Knowing precisely the speed of the melting process of the great masses of polar ice is one of the great scientific challenges in the face of current climate change. The study of the deglaciations of the past —despite not being analogous to the current situation— provides a useful experimental scenario to be able to analyze the response speed of these ice masses.
To study the melting processes on the planet, until now only solid chronologies were available during the last deglaciation, a climatic period that extended over about 9,000 years.
A new study, partially carried out at the Scientific and Technological Centers of the University of Barcelona (CCiTUB), now presents the first record of the melting of the penultimate deglaciation with a robust and contrasted chronology, and reveals that this melting was concentrated along some 5,000 years —from 135,000 to 130,000 years before the present— and introduces significant changes in the chronologies hitherto accepted.
The study was based on a research project co-directed by Isabel Cacho, professor at the Department of Earth and Ocean Dynamics at the Faculty of Earth Sciences at the University of Barcelona (UB) and member of the Consolidated Research Group in Marine Geosciences of the UB, and Heather M. Stoll, professor at the Federal Polytechnic School of Zurich in Switzerland.
The penultimate deglaciation is a period of difficult dating through marine records, always based on indirect techniques that are very imprecise to analyze changes in the climate system on a time scale of decades, centuries or even millennia.

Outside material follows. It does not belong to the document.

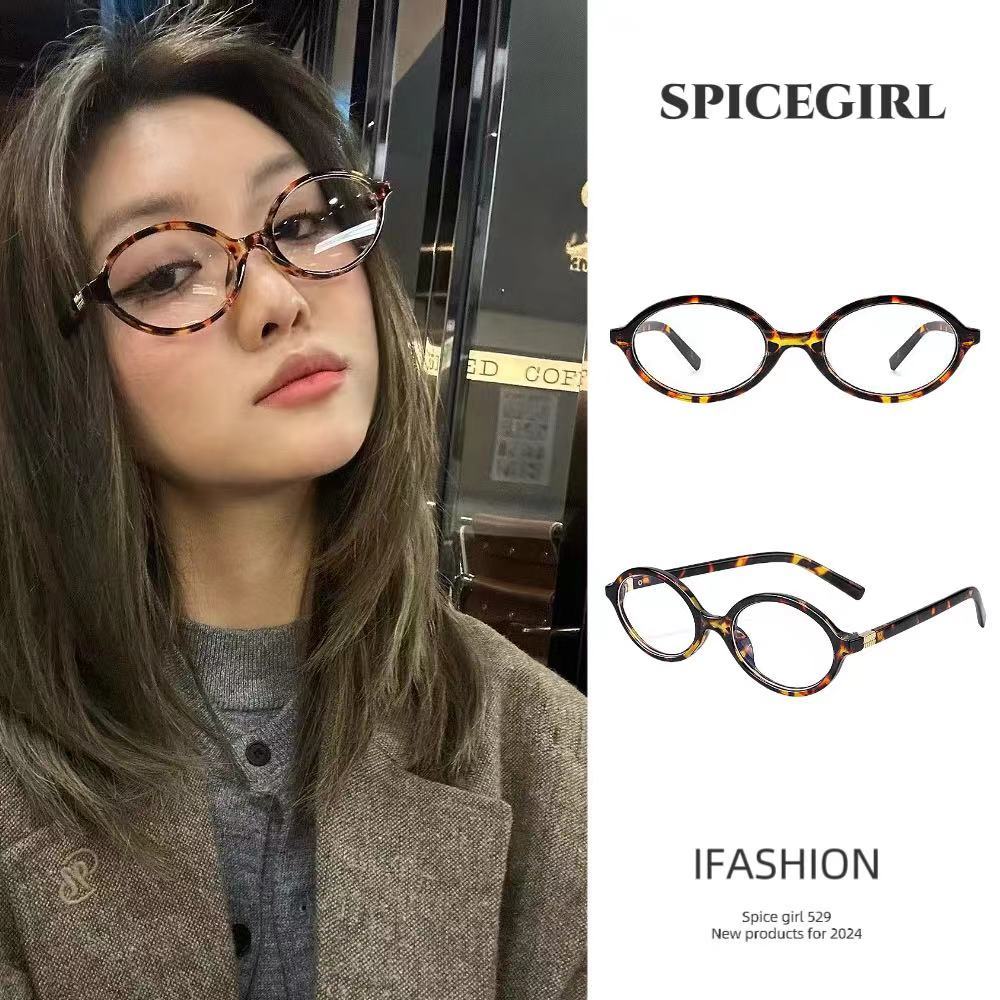 Spice Girl พร้อมส่งไทย แว่นตาผู้หญิง ทรงรี กรอบเล็ก พิมพ์ลายเสือดาว สไตล์เรโทร สีสวยมาก ราคาถูกๆไม่แพง แต่งตัวน่ารัก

The new work is based on the analysis of stalagmites in the caves of the Cantabrian slope of the Iberian Peninsula, climatic files that reveal changes in salinity in the North Atlantic derived from the melting of large polar ice caps and, in addition, provide information on the evolution of atmospheric temperatures of the region in the past.
“Until now, this penultimate deglaciation was only well dated in cave records from tropical areas (Asia and South America) but in no case were they able to capture the signal of melting over the North Atlantic,” explains Isabel Cacho, ICREA Academy of Sciences researcher. the UB.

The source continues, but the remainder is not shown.